Quicktake: What Google Buzz Means
Google launches status update features
Google launches Buzz, which is similar to Friendfeed, which is now part of Facebook. Content will be aggregated, and then prioritized based upon the people you already email with, Harry McCracken and I call this a social graph based on history, “Historical social graph” or HSG. Secondly, this Google Buzz feature will rate and rank content based on activity and interaction within your social group. Users can choose to publish the Buzz in public, which will display on the Google Profile page. They also announced the ability to input this data from mobile devices and showed a voice to text scenario. They will make more announcements.
Enough about news, I’m sure you’ll find more on Techmeme, here are my insights.

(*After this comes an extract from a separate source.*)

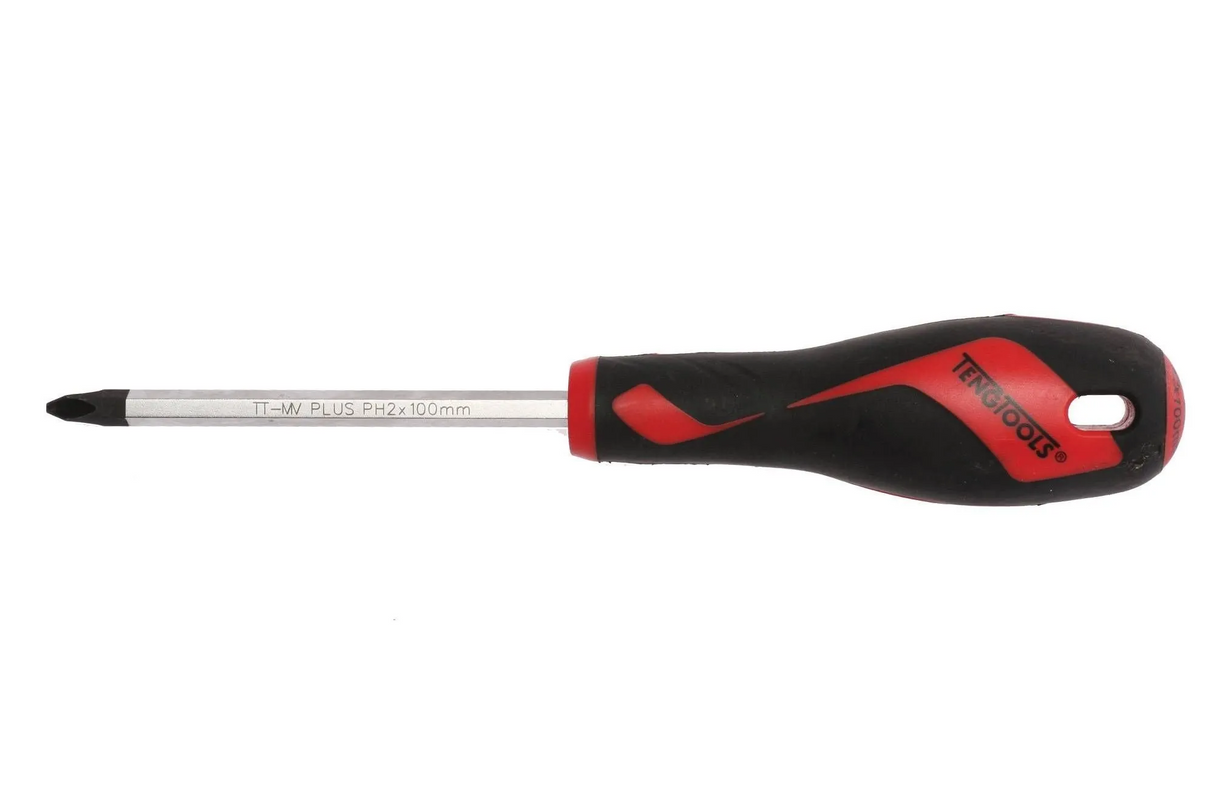Teng Tools PH Screwdriver PH2 X 100mm Hex Shaft - MD952N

Analysis: Impacts To Industry
- At the high level, this is a strong move for Google, they continue to aggregate other people’s social content, and become the intermediatry. This helps them to suck in Twitter, Flickr, and any-other-data type as the APIs open up, giving them more to ‘organize’. This is Google acting on it’s mission to the world.
- For consumers, the risk of privacy will continue to be at top of mind. Although the features allow for sharing only with friends or in public. expect more consumer groups to express concern. Overtime, this will become moot as the next generation of consumers continues to share in public.

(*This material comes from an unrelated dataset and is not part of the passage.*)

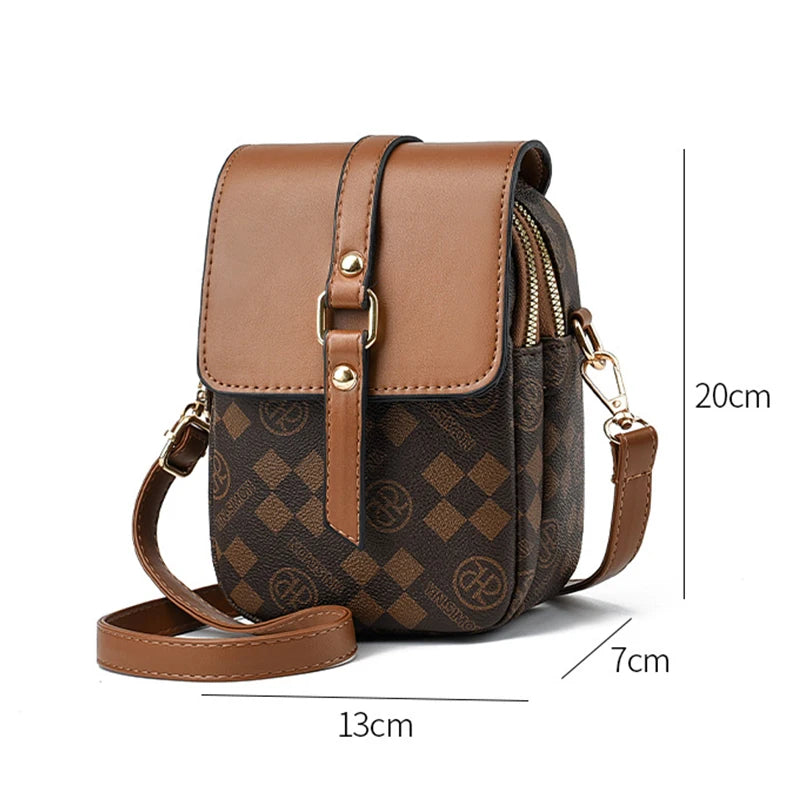 Multi-Layer Small Crossbody Bag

- For consumers, this could potentially have more adoption than Twitter as Gmail has a large footprint Google told me it’s tens of millions (active monthly unique). Of course, most Gmail users likely aren’t Twitter users, but there could be a large platform to draw from.
- For small busineses and retailers, this will impact their search engine results pages, as a single top ‘buzzer’ could cause their content to be very relevant, if that person was relevant, then their influential content could show at top of SERP pages. Expect Google to continue to offer advertising options now around buzz content –fueling their revenues.
- To Facebook, this is a direct threat, these features emulate Friendfeed and the recently designed Facebook newsfeed. Expect Google to incorporporate Facebook connect, commoditizing Facebook data as it gets sucked into Google and displayed on Google SERP.
- This is good for Twitter in the short term, as it’ll amplify tweets, and suck them into a new system and give additional reach. Yet over time, status features will become a commodity, and Twitter as a destination will fade into the background.
Back in July 2009, I took a bold statement to say that Email and Social Networks are the same, I distinctly recall a lot of people disagreeing with this notion, but I think it became true today. Posted from the Googleplex at the live briefing, I also spoke to NYT.